◆ Exercise goal ◆
The records below must be written out exactly, with every picture left behind.

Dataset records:
==============================

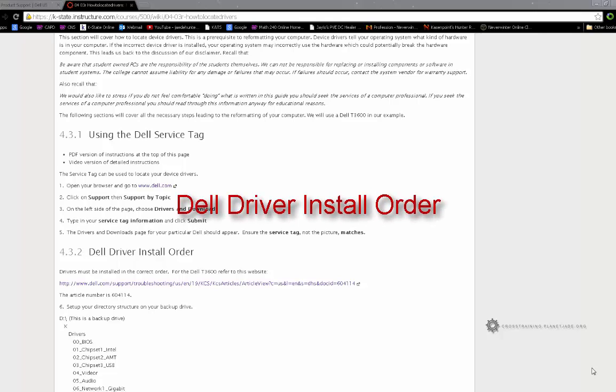Dell driver install order. We will now download individual drivers.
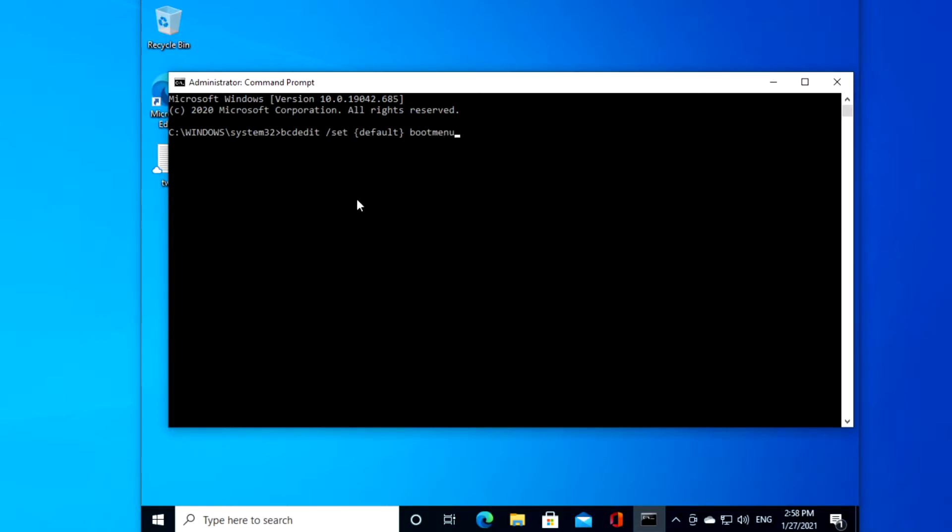and hit enter. You'll know it's successful when you get the message the operation completed successfully.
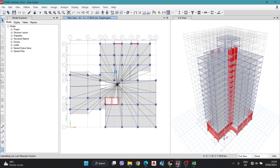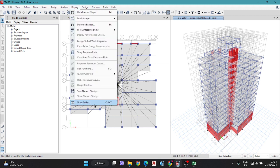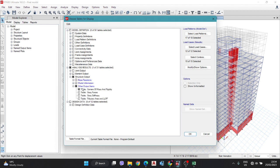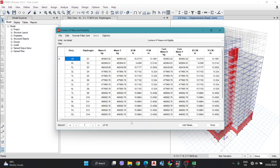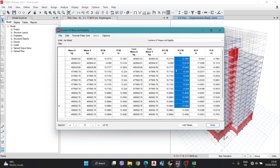The analysis is now completed. Wait a few more seconds, then go to Display, Show Tables, Analyze Results, Structure Output, Other Results, and tick Center of Mass, then press OK. Here you have got the center of mass and the center of rigidity.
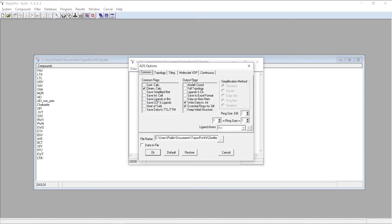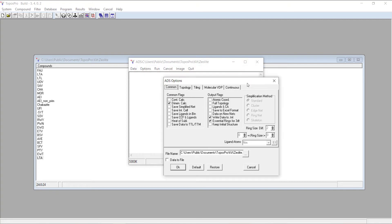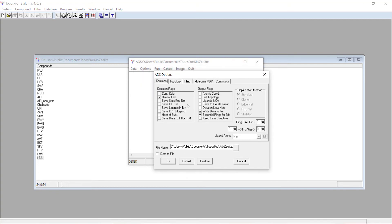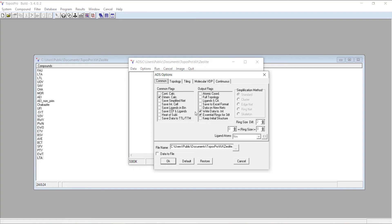The options this time are going to be quite different. The process for creating a structure file for a tile crystal is by calculating a tiling, not just simplifying the net. Instead of saying save simplified net, we're going to have dimen calc selected. If you also want to visualize the shapes of your tiles in 3DT, you want to make sure you have essential rings for 3DT selected here.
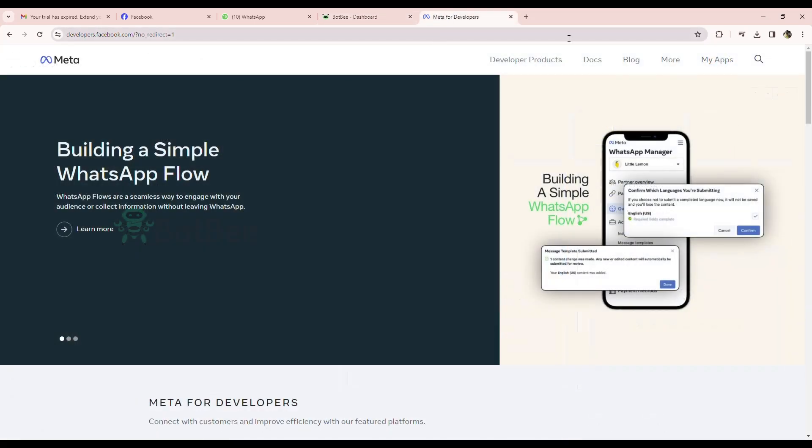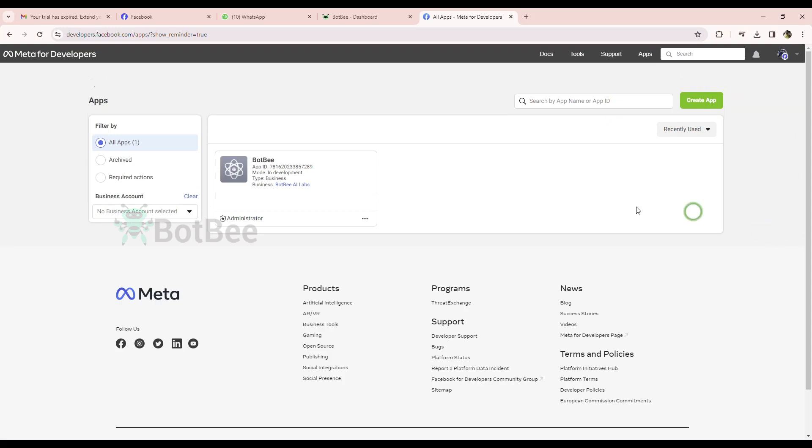First, go to developer.facebook.com. Then go to My Apps. Select the app.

==============================

◆ Response area ◆
Dell driver install order. We will now download individual drivers.
and hit enter. You'll know it's successful when you get the message the operation completed successfully.
The analysis is now completed. Wait a few more seconds, then go to Display, Show Tables, Analyze Results, Structure Output, Other Results, and tick Center of Mass, then press OK. Here you have got the center of mass and the center of rigidity.
The options this time are going to be quite different. The process for creating a structure file for a tile crystal is by calculating a tiling, not just simplifying the net. Instead of saying save simplified net, we're going to have dimen calc selected. If you also want to visualize the shapes of your tiles in 3DT, you want to make sure you have essential rings for 3DT selected here.
First, go to developer.facebook.com. Then go to My Apps. Select the app.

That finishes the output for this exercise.